*Description of the task*: Starting at the line below with "Fake flower by" and stopping at the line with "Plusieurs c&ocirc;telettes d'agneau", please print each line exactly, those two included, and skip every picture.

*** Available data Section Begins ***

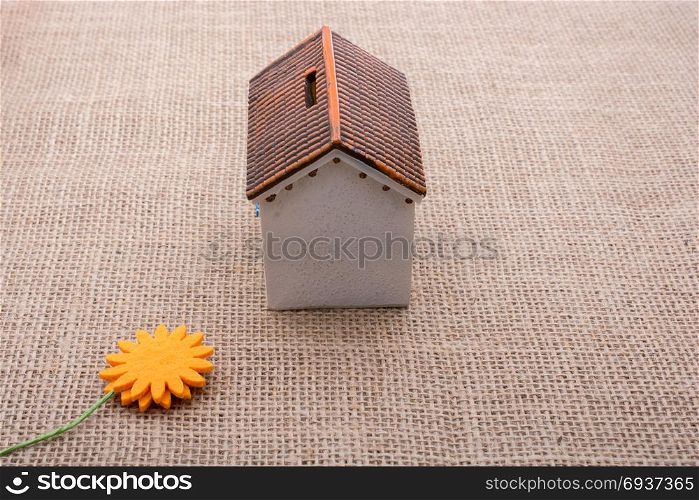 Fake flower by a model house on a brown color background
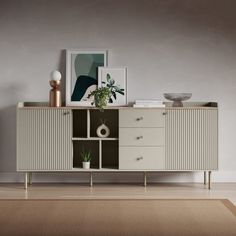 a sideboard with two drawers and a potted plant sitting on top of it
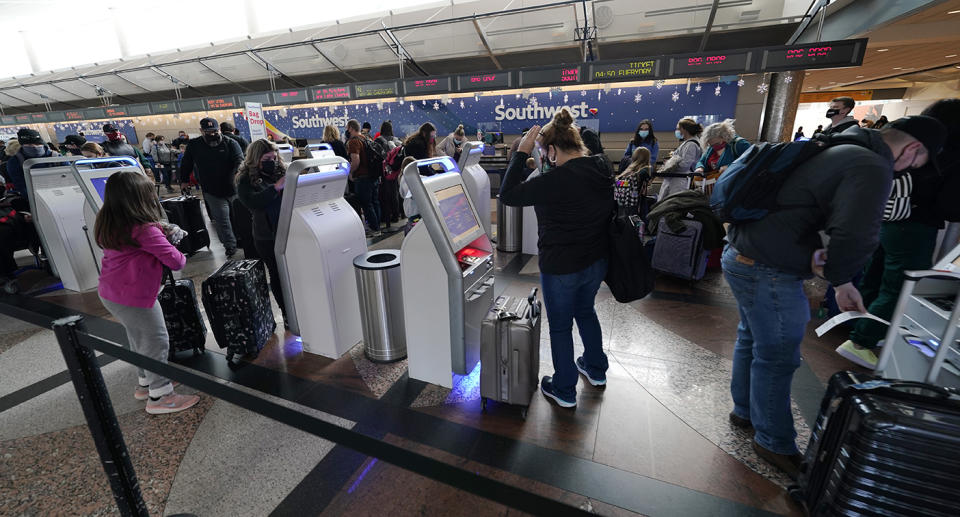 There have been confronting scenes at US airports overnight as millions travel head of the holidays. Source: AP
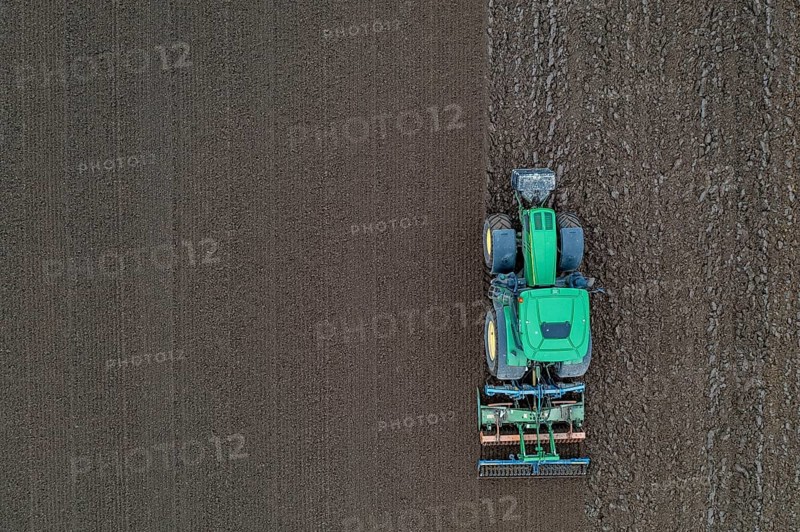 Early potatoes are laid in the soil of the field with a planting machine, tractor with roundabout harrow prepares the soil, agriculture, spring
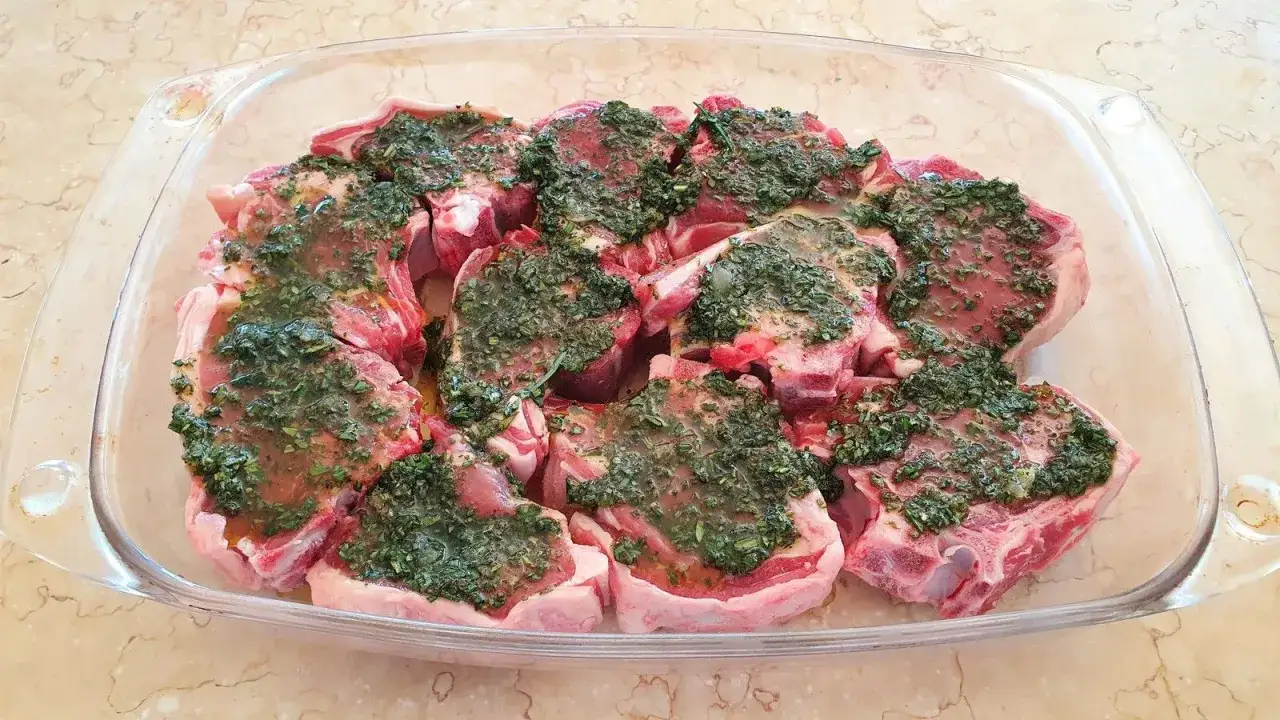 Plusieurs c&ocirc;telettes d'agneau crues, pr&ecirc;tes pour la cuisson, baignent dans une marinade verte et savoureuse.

*** Available data Section Ends ***
*** Available data Section Begins ***

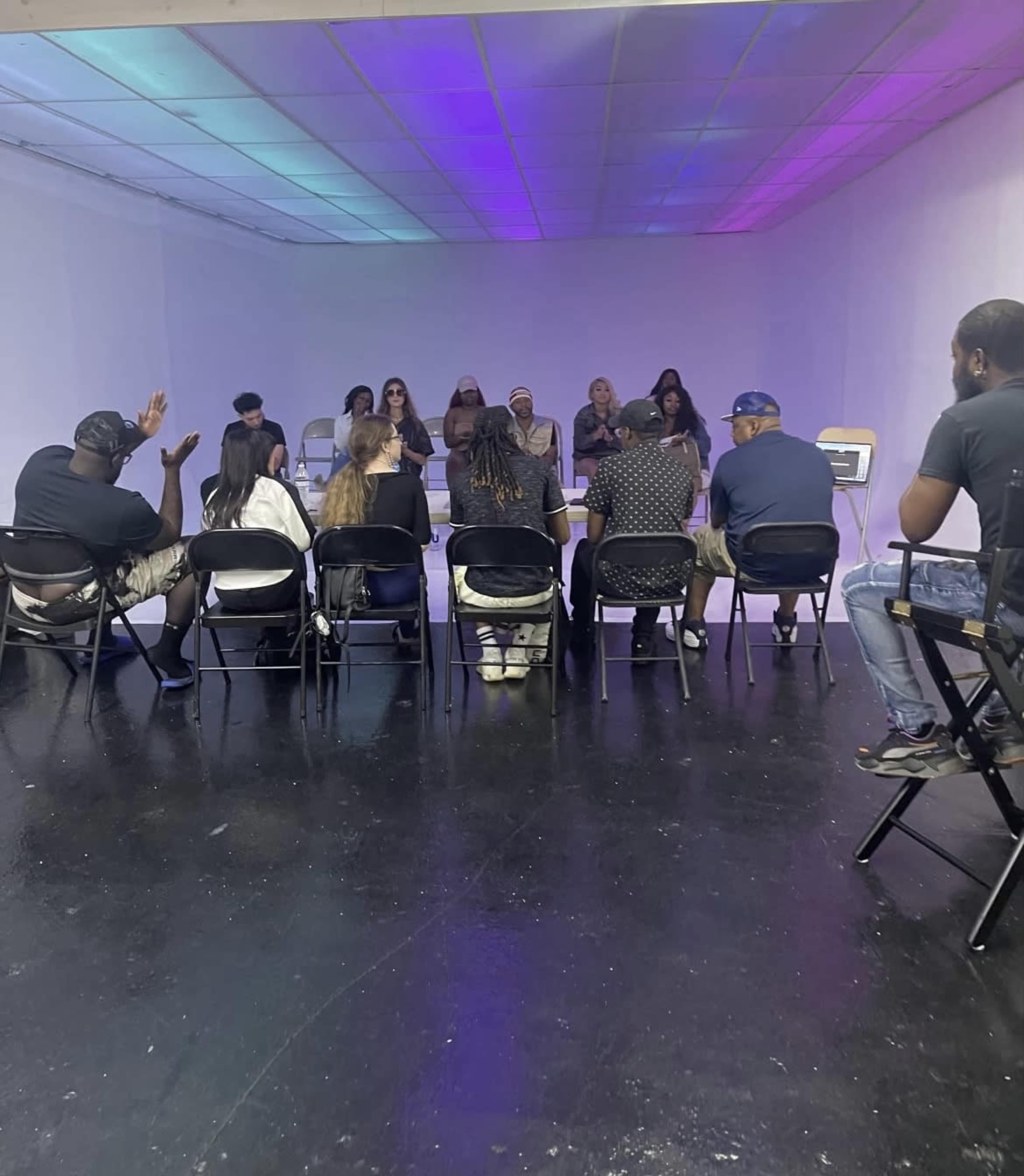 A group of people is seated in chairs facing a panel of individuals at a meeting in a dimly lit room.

*** Available data Section Ends ***

*Output below*:
 Fake flower by a model house on a brown color background
 a sideboard with two drawers and a potted plant sitting on top of it
 There have been confronting scenes at US airports overnight as millions travel head of the holidays. Source: AP
 Early potatoes are laid in the soil of the field with a planting machine, tractor with roundabout harrow prepares the soil, agriculture, spring
 Plusieurs c&ocirc;telettes d'agneau crues, pr&ecirc;tes pour la cuisson, baignent dans une marinade verte et savoureuse.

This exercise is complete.